The paradigm for HLH pathogenesis has been that in the case of inherited familial HLH (fHLH), extreme inflammation arises in babies or toddlers from inherited predisposing immune deficiencies caused by defects in genes expressing proteins that control the formation and release of cytotoxic granules, including AP3, LYST, MUNC13-4, PRF1, Rab27a, STX11, and STXBP2 (reviewed in Chandrakasan and Filipovich4  and Meeths et al5 ) (see figure). By contrast, acquired or secondary HLH describes older patients without known HLH-associated gene defects in whom significant immune activation may be caused by autoimmune disease, persistent infection, malignant antigen-presenting cells, or acquired loss of inhibitory mechanisms (reviewed in Jordan et al3 ). However, the distinction between presumed fHLH and secondary HLH is becoming increasingly blurred. Hypomorphic biallelic mutations in HLH-associated genes have been identified in adults,6  and polymorphisms have been described in patients with autoimmune disease and macrophage activation syndrome.7 

The study by Zhang et al1  further blurs the fHLH vs secondary HLH dichotomy by identifying an additional potential mechanism of inheriting risk for developing HLH. They retrospectively analyzed their extensive genetic database (n = 2701 patients) and associated immune function results to identify 28 patients with single heterozygous mutations in 2 distinct cytotoxic pathway genes (see figure). The authors separated single-allele mutations into genes involved in degranulation (MUNC13-4, STXBP2, STX11, and Rab27a) and single-allele mutations in PRF1. Heterogyzous deg/deg patients had an age of onset typical of that of most patients with fHLH compared with PRF1/deg patients who had later onset. Functional implications of deg/deg mutations were supported by defective degranulation assays in a limited series, whereas PRF1/deg patients had normal degranulation. Not surprisingly, perforin expression was decreased in the PRF1/deg patients. Some patients with PRF/deg presented as late as 20 to 30 years of age. Defective NK function was observed across all heterozygous patients.

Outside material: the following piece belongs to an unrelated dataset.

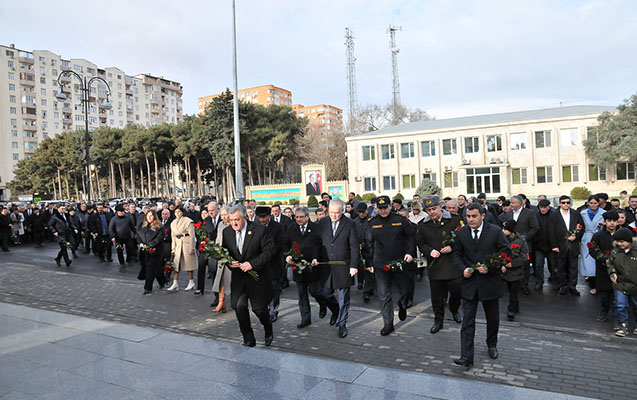 Abşeronda 20 Yanvar şəhidlərinin xatirəsi anılıb - Fotolar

These data support the potential for a digenic mode of inheritance in fHLH. Prospective, uniform sample collection and testing in HLH patients and families as well as recapitulation of these observations in murine models would be helpful in proving the functional significance of the observed associations in this study. However, this study is an important first step toward expanding diagnostic strategies for patients suspected of having HLH beyond Justice Stewart’s metrics of personal sensibilities. As clinical applications of deep sequencing expand, genetic evaluations will include complex inheritance coupled with functional assays to define HLH in affected patients and determine risk in family members.

Conflict-of-interest disclosure: The authors declare no competing financial interests.